INSTRUCTIONS FOR THE TASK. Nothing but the pictures should go missing; return all the entries below exactly.

GIVEN ENTRIES.
━━━━━━━━━━

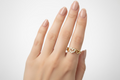 14K CUBIC ZIRCONIA MULTI-HEART ETERNITY BAND RING GJ-28270003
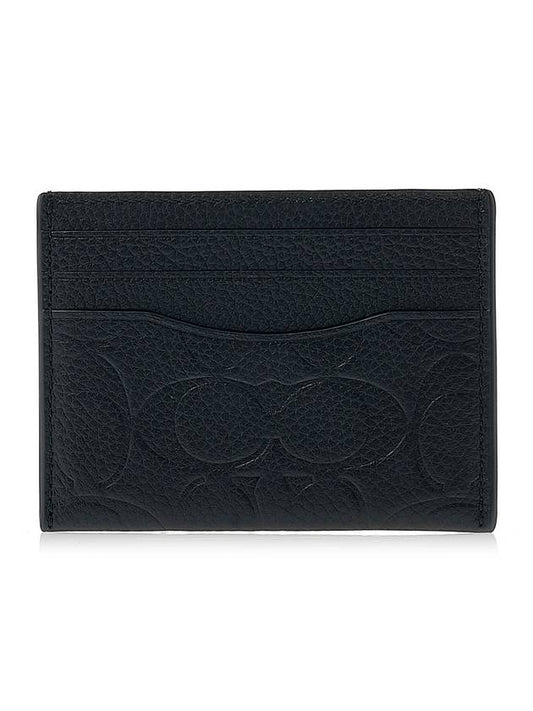 Men's Signature Card Holder C0941 BLACK - COACH - BALAAN 2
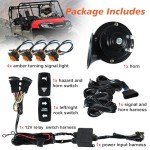 Universal UTV ATV Turn Signal Kit with Switch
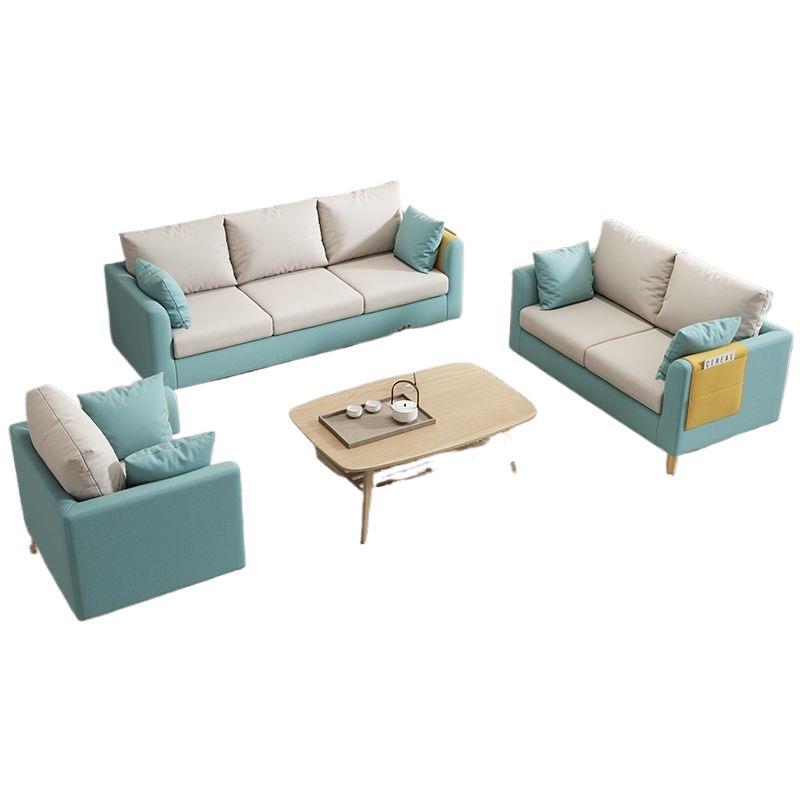 Bedroom double sofa small apartment scandinaviancasual modern economical rental house living room popular small sofa
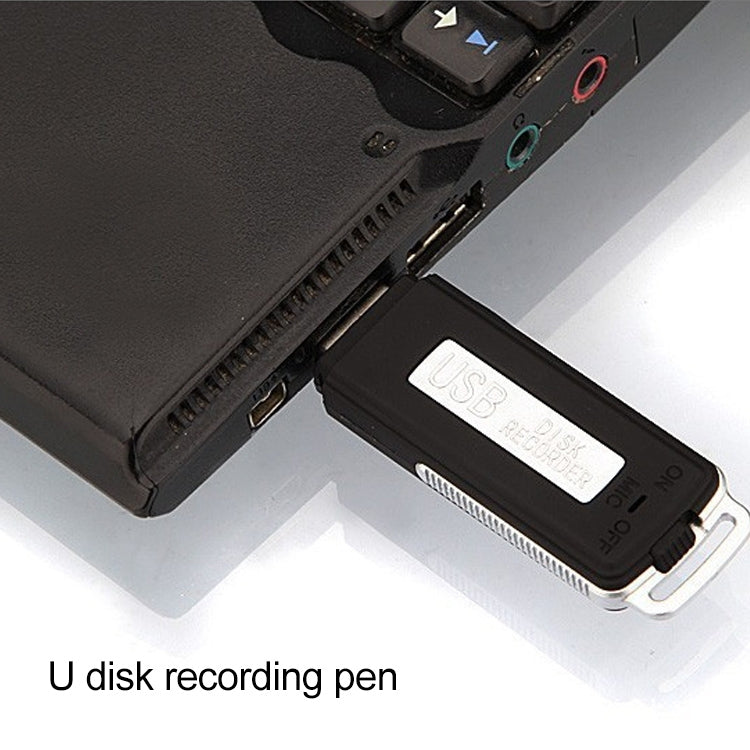 QS-868 Portable Mini HD Noise Reduction Digital USB Stick Voice Recorder without Memory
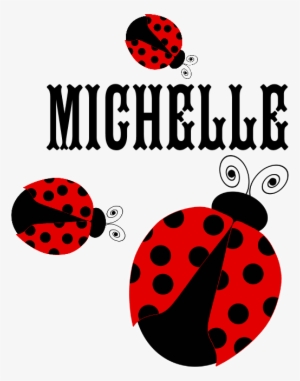 Front Design - Cute Red Black Ladybugs Name Throw Blanket
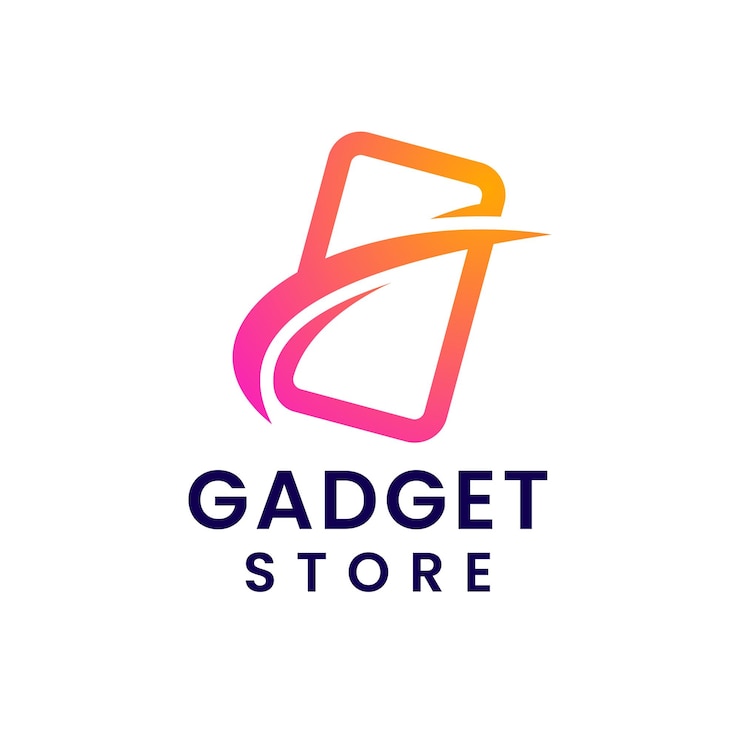 Vettore modern gradient gadget store logo per il marchio tecnologico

━━━━━━━━━━

WRITTEN SOLUTION.
 14K CUBIC ZIRCONIA MULTI-HEART ETERNITY BAND RING GJ-28270003
 Men's Signature Card Holder C0941 BLACK - COACH - BALAAN 2
 Universal UTV ATV Turn Signal Kit with Switch
 Bedroom double sofa small apartment scandinaviancasual modern economical rental house living room popular small sofa
 QS-868 Portable Mini HD Noise Reduction Digital USB Stick Voice Recorder without Memory
 Front Design - Cute Red Black Ladybugs Name Throw Blanket
 Vettore modern gradient gadget store logo per il marchio tecnologico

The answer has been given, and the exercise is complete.